I’m acutely aware that translated poetry is not a direct representation of the original. Indeed, I think of translation as like shouting a poem into a vast cave, with all its competing echoes, some sharply distinct and others misheard, with the listener making what they can of their idea of the whole. This new whole, though most likely formed around the loudest, clearest images, takes shape in a mind formed in what are often very different circumstances to those in which the original was written. 

This is how I read Jibanananda, sitting with a book at the mouth of a cave that stretches back five thousand miles and more than seventy years. And the voice that echoes from that distance speaks, yes, of the travails of an individual poet in unique and frequently difficult circumstances; but, more than this, it speaks of the world I inhabit, in the north of England, on this day in early 2021. To take one short example, in the poem translated as ‘Near and Far’, it speaks of the transitory nature of human life set against the persistence of the natural world. More specifically, the message which forms with all of the concise energy and intensity that only poetry can express, speaks of our world now; how after five or seven million years we’re still more foe than friend to ourselves; and how, around our fleeting existence which seems to us to be so important, nature will thrive, oblivious to our vain strivings and ambitions. 

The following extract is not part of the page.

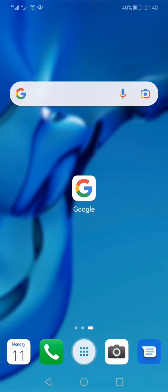So this is how you can restore your accidentally deleted Google search bar from the home screen. Thank you for watching this video till the end. If you like this video, hit the like button, share and subscribe.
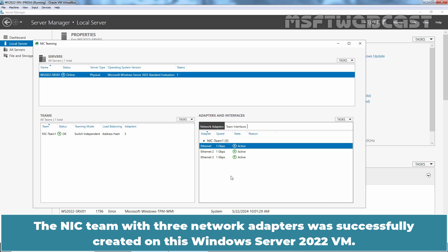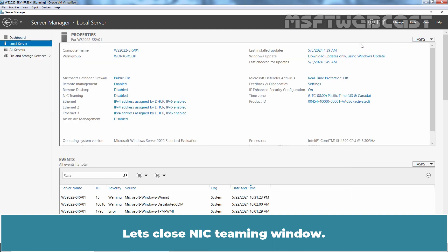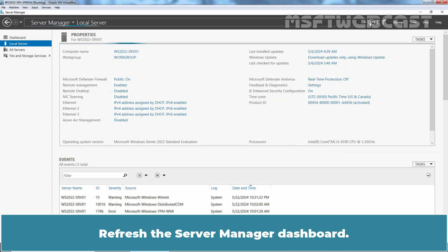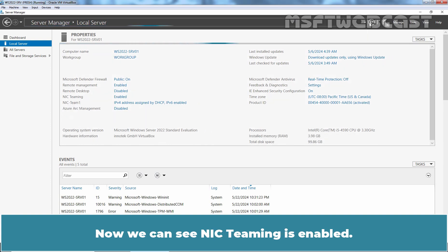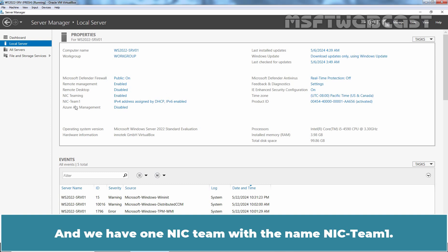The NIC team with three network adapters was successfully created on this Windows Server 2022 VM. Let's close NIC teaming window. Refresh this Server Manager dashboard. Now we can see NIC teaming is enabled and we have one NIC team with the name NIC team1.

There’s an obvious ecopolitical reading of this which encompasses mankind’s hubris and the damage we’ve done to our environment, which counterbalance even our proudest achievements. There is also the knowledge that although we may destroy many species of flora and fauna, including ourselves, in our absence the planet will renew itself in some form without our interference. But there’s something more than that: something that speaks more precisely to our particular historical moment. 

In an article in The New Yorker on poetry in times of crisis, Clare Bucknell writes of the importance of poetry anthologies to record “the historical moment seen long-sightedly.” Countless anthologies have already been published during the current pandemic and there will no doubt be many more. Considering the current crisis, Bucknell notes that: 

pandemics are disconcerting because they reveal that people are not only more similar than they like to think but, in some essential ways, identical – made up of the same cells, the same weaknesses.

I believe that Near and Far could easily have been written today for such an anthology. Because what survives the vagaries of translation in his work is that core humanity: “the same cells, the same weaknesses.” The past year’s seen us thrown into ongoing periods of uncertainty, loss, lockdown and disruption, not only to our future plans but also to our sense of our present selves and our immediate relationships, communities and environments. 

The poem shows us “the historical moment seen long-sightedly”: during the pandemic, the air’s been clearer, we’ve heard more birdsong, and wild animals have strayed further into our cities. It doesn’t offer the certainties and consolations of religion, but there’s a kind of spirituality which informs his perspective, presented as observation rather than doctrine. And through translation, whatever may be lost to the echoes, this is something that resonates profoundly with me as I sit in the mouth of that figurative cave, which is actually a small room in north Yorkshire, in the third UK lockdown, writing to diverse individuals from who-knows-where, who yet share “the same cells, the same weaknesses” and, lest we forget, the same poetry which can connect us all.